### DATA
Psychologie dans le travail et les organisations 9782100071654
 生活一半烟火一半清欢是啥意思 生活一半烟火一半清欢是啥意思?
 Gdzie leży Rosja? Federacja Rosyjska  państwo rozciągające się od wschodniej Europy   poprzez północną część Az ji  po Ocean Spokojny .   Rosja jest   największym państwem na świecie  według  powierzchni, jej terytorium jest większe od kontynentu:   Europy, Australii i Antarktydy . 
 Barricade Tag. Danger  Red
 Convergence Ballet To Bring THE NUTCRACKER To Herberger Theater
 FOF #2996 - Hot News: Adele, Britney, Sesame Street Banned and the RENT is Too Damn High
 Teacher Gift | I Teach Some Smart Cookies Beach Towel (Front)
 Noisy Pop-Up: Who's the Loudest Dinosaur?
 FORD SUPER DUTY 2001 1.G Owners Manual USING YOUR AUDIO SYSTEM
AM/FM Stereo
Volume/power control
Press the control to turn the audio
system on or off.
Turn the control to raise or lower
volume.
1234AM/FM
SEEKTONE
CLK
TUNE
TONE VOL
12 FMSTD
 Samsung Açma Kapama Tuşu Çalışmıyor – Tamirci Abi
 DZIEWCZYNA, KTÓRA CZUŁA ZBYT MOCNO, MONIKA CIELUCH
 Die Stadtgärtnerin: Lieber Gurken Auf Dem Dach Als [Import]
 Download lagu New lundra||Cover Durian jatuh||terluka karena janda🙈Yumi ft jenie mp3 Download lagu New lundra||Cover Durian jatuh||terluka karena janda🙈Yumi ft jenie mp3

### THE PROBLEM
Word for word, retype all of the entries above.

### RESULT BELOW
Psychologie dans le travail et les organisations 9782100071654
 生活一半烟火一半清欢是啥意思 生活一半烟火一半清欢是啥意思?
 Gdzie leży Rosja? Federacja Rosyjska  państwo rozciągające się od wschodniej Europy   poprzez północną część Az ji  po Ocean Spokojny .   Rosja jest   największym państwem na świecie  według  powierzchni, jej terytorium jest większe od kontynentu:   Europy, Australii i Antarktydy . 
 Barricade Tag. Danger  Red
 Convergence Ballet To Bring THE NUTCRACKER To Herberger Theater
 FOF #2996 - Hot News: Adele, Britney, Sesame Street Banned and the RENT is Too Damn High
 Teacher Gift | I Teach Some Smart Cookies Beach Towel (Front)
 Noisy Pop-Up: Who's the Loudest Dinosaur?
 FORD SUPER DUTY 2001 1.G Owners Manual USING YOUR AUDIO SYSTEM
AM/FM Stereo
Volume/power control
Press the control to turn the audio
system on or off.
Turn the control to raise or lower
volume.
1234AM/FM
SEEKTONE
CLK
TUNE
TONE VOL
12 FMSTD
 Samsung Açma Kapama Tuşu Çalışmıyor – Tamirci Abi
 DZIEWCZYNA, KTÓRA CZUŁA ZBYT MOCNO, MONIKA CIELUCH
 Die Stadtgärtnerin: Lieber Gurken Auf Dem Dach Als [Import]
 Download lagu New lundra||Cover Durian jatuh||terluka karena janda🙈Yumi ft jenie mp3 Download lagu New lundra||Cover Durian jatuh||terluka karena janda🙈Yumi ft jenie mp3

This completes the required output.